An important goal of safe exploration is that we would like to learn this quality with high efficiency. A joke about current methods is that we learn not to run into a wall by running into a wall millions of times.
With this in mind, I think for the moment sample efficiency gains are probably also safe exploration gains, but at some point we might have to trade off how to increase the learning efficiency of safety qualities by decreasing the learning efficiency of other qualities.
Hey Aray!
I agree with this. I jumped the gun a bit in not really making the distinction clear in my earlier post “Safe exploration and corrigibility,” but I think that made it a bit confusing, so I went heavy on the distinction here—but perhaps more heavy than I actually think is warranted.

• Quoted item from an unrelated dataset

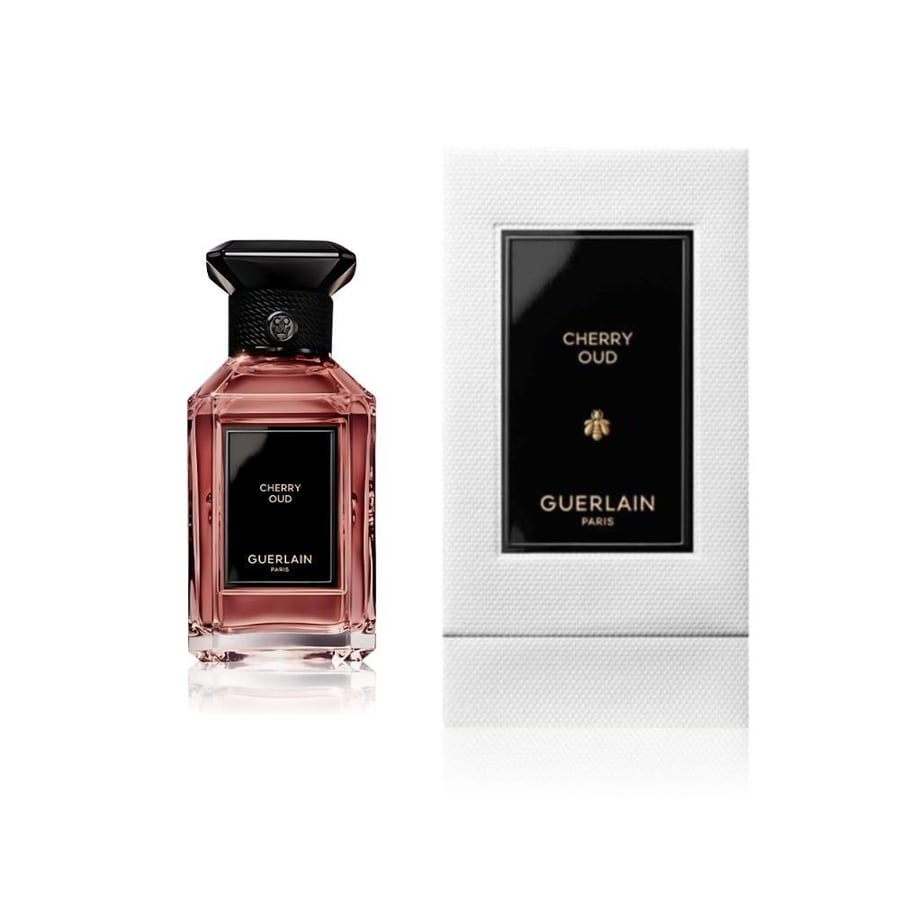 عطر جيرلان شيري عود اودو بافيوم 100مل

The problem I have with relaxing within-episode and across-episode exploration into each other, though, is precisely the problem I describe in “Safe exploration and corrigibility,” however, which is that by default you only end up with capability exploration not objective exploration—that is, an agent with a goal (i.e. a mesa-optimizer) is only going to explore to the extent that it helps its current goal, not to the extent that it helps it change its goal to be more like the desired goal. Thus, you need to do something else (something that possibly looks somewhat like corrigibility) to get the agent to explore in such a way that helps you collect data on what its goal is and how to change it.
My main reason for making the separation is that in every deep RL algorithm I know of there is exploration-that-is-incentivized-by-gradient-descent and exploration-that-is-not-incentivized-by-gradient-descent and it seems like these should be distinguished. Currently due to episode boundaries these cleanly correspond to within-episode and across-episode exploration respectively, but even if episode boundaries become obsolete I expect the question of “is this exploration incentivized by the (outer) optimizer” to remain relevant. (Perhaps we could call this outer and inner exploration, where outer exploration the exploration that is not incentivized by the outer optimizer.)
I don’t have a strong opinion on whether “safe exploration” should refer to just outer exploration or both outer and inner exploration, since both options seem compatible with the existing ML definition.